Il s’excusa auprès de Samuelle. Elle le rassura.

- Ne vous pliez pas à mon rythme, j’ai besoin de peu de sommeil. André dormait encore. Claudia venait de partir à Saint-Denis en prévision de la fête du soir. Samuelle avait déjà téléphoné à son grand-père, classé certains papiers et commencé à élaborer le programme des jours suivants. Elle avait l’intention de faire découvrir son île à Martin. Samuelle présenta Marie-Rose.

- C’est la fée de cette maison. Elle sait tout faire. Sa cuisine est un irrésistible péché. Marie-Rose rosit et dit d’un ton un peu traînant :
- Madame i exagère. Mi fé du café pou monsieur ? Martin avait compris le fond mais restait surpris par la tournure.
-Vous vous habituerez au créole, ne vous inquiétez pas… Antoinette, la femme de ménage vient quatre matinées par semaine. Elle s’occupera de votre linge, laissez-le avec mes affaires dans la salle de bains. Elle ne parle pas mais elle entend, elle est très intuitive, nous communiquons par signes. Elle lui montra tous les coins de son jardin, les fleurs, les arbres. Dans une longue bâtisse jouxtant le bungalow, Samuelle avait installé une chambre noire, un atelier, une salle de gymnastique. Le reste faisait usage de garage, de resserre, d’abri pour tout, parfaitement ordonné.

- Avant que Papa n’achète cette propriété, il y avait un projet d’hôtel. Le tennis est sur le chemin qui mène à la plage. Il fit quelques pas dans le vaste enclos des tortues sous un imposant badamier. Une vingtaine de créatures étoilées goûtaient sans retenue aux raquettes épineuses des cactées, aux papayes bien mûres, aux goyaves. Elles avaient chaud, elles se mettaient à l’abri, elles voulaient le soleil, elles passaient la porte de leurs cabanes. L’espèce, en ces lieux, ne risquait nullement l’extinction.

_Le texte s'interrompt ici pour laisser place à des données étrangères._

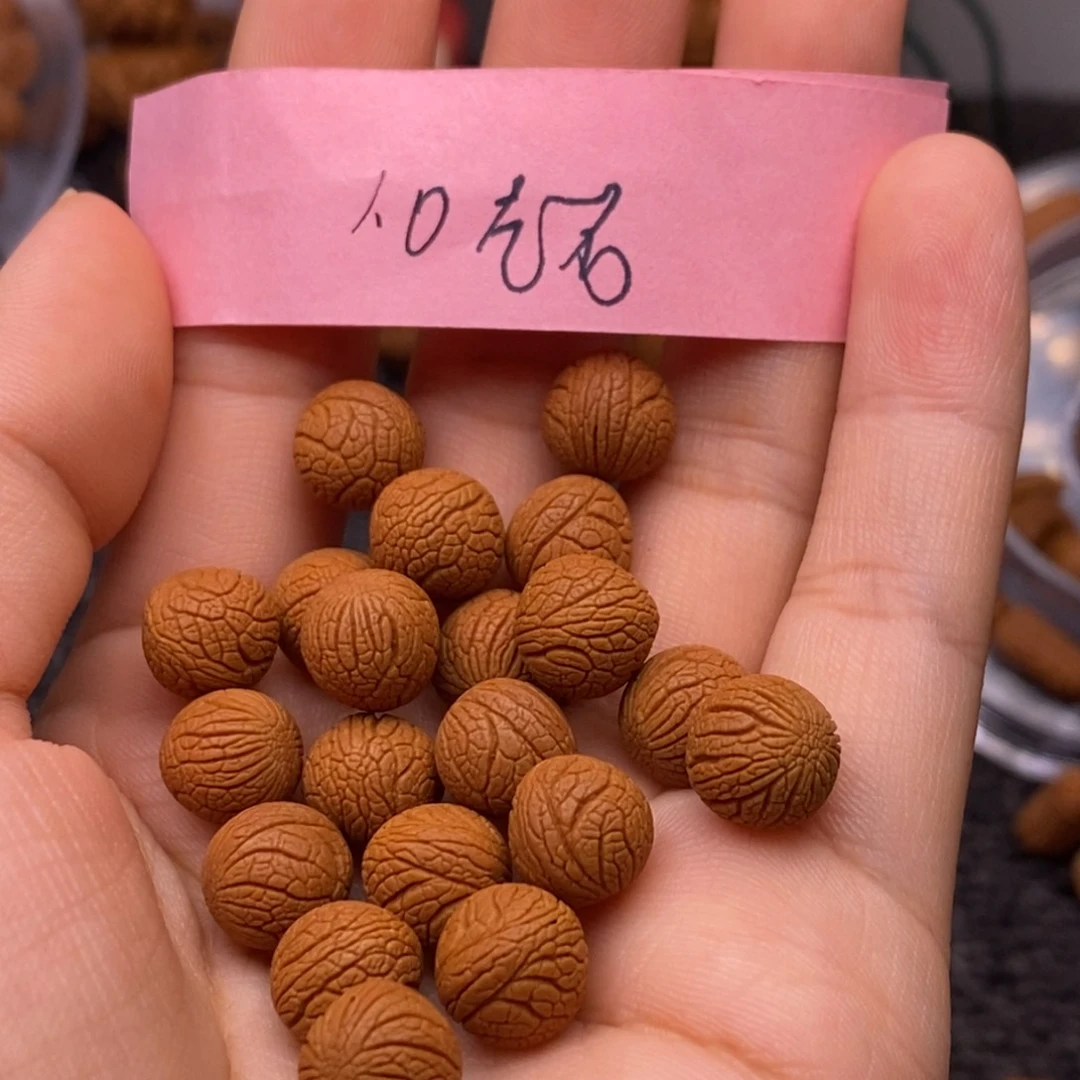秦岭山脉龙纹桃核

- Ce sont des geochelone radiata. C’est l’affaire de Claudia, elle s’est proclamée maman des tortues. Dans un banian subsistaient une plateforme en bois de natte et une balançoire, souvenirs d’une fillette intrépide et d’une deuxième encore plus sauvage quelques années plus tard.

Martin était conscient de se trouver dans un endroit privilégié, protégé. Il dit à Samuelle qu’il lui était reconnaissant de l’avoir accueilli.

- Usez et abusez. N’ayez pas de scrupules, ouvrez les placards. Notre maison est sous le signe de l’amitié. Soyez heureux ! La Réunion est un endroit merveilleux. Elle a tous les visages, toutes les cultures, une âme profonde et envoûtante. Je vous la dévoilerai des Hauts jusqu’aux Bas, des sentiers reculés jusqu’à ses lumières. Vous marcherez, vous souffrirez pour découvrir ses secrets, vous vous enivrerez, vous vibrerez de plaisir devant elle et jamais vous ne l’oublierez. Martin avait rencontré le meilleur guide.